Hi, I want replace torch.autograd.functional.jvp/torch.autograd.functional.vjp with torch.func.jvp/torch.func.vjp. Since torch.func.jvp is more efficient compared to autograd ops.
However, I notice these apis are not equivalent, since I calculate jvp to create a loss, thus second-order gradient is required, and we have to set create_graph=True. There is no create_graph argument in torch.func api, so is torch.func does not intent to use in my case or it support higher-order gradient by default?
You need to compose jacrev with jacrev to create a 2nd-order derivative within the torch.func framework. The gradients are computed in a functional manner (so a more direct mathematical approach) within the torch.func namespace.
You can use torch.func.hessian directly,
import torch
from torch.func import hessian, vmap, functional_call
net = Model(*args, **kwargs) #our model
x = torch.randn(batch_size, num_inputs) #inputs
params = dict(net.named_parameters()) #params (need to be an input for torch.func to work)

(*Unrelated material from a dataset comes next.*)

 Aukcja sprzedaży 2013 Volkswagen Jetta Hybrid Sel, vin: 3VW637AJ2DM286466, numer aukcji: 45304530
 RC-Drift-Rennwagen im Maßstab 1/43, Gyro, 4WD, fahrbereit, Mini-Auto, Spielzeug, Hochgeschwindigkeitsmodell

#functionalize version (params are now an input to the model)
def fcall(parms, x):
return functional_call(net, params, x)
def compute_hessian(params, x):
_hessian_wrt_x = hessian(fcall, argnums=1)(params, x) #forward-over-reverse hessian calc.
return _hessian_wrt_x
#We define a laplacian func for a single function, then vectorize over the batch.

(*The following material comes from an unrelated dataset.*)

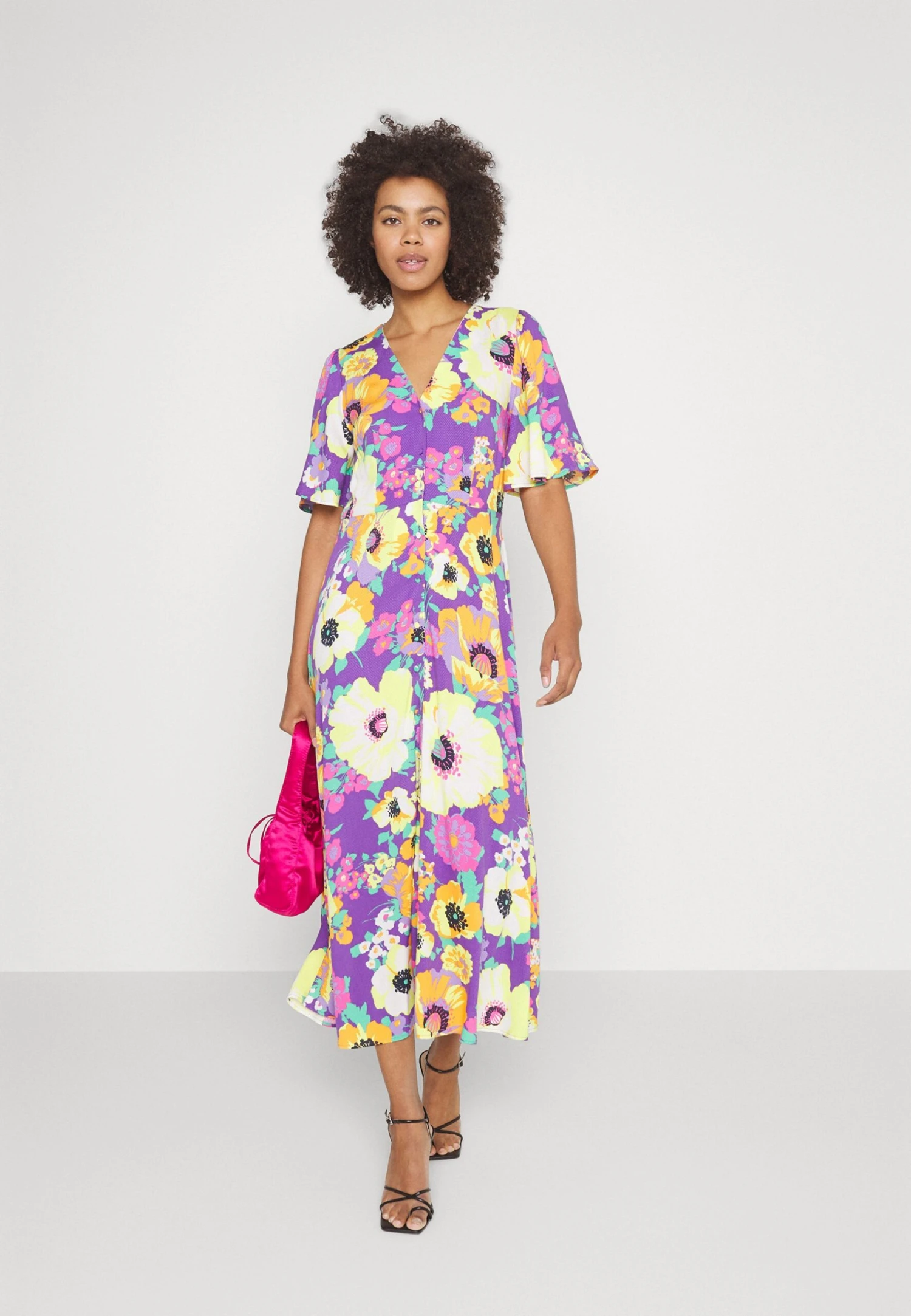 Yasspectrum Shirt Dress- Blousejurk - Deep Lavender 4 Yasspectrum Shirt Dress- Blousejurk - Deep Lavender - Afbeelding 2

laplacian = vmap(compute_hessian, in_dims=(None,0))(params, x)
Or, you can compose jacrev with itself, which you can view as an equivalent of create_graph arg within the torch.autograd API (albeit that the graph is constructed directly).
Here, func is my model and input is the model input. This loss serves as part of the overall loss (loss += isometry_loss) for backpropagation. Therefore, I have to rely on loss.backward() for backpropagation and parameter updating.
I’m actually not want to use the functionalized API, I just want to use fast JVP implementation.
I aim to incorporate isometry loss into my model’s optimization objective to enhance its isometric properties. The computation of isometry loss requires Jacobian-vector products (JVP), and it’s crucial to set create_graph=True to enable gradient backpropagation through the JVP calculation.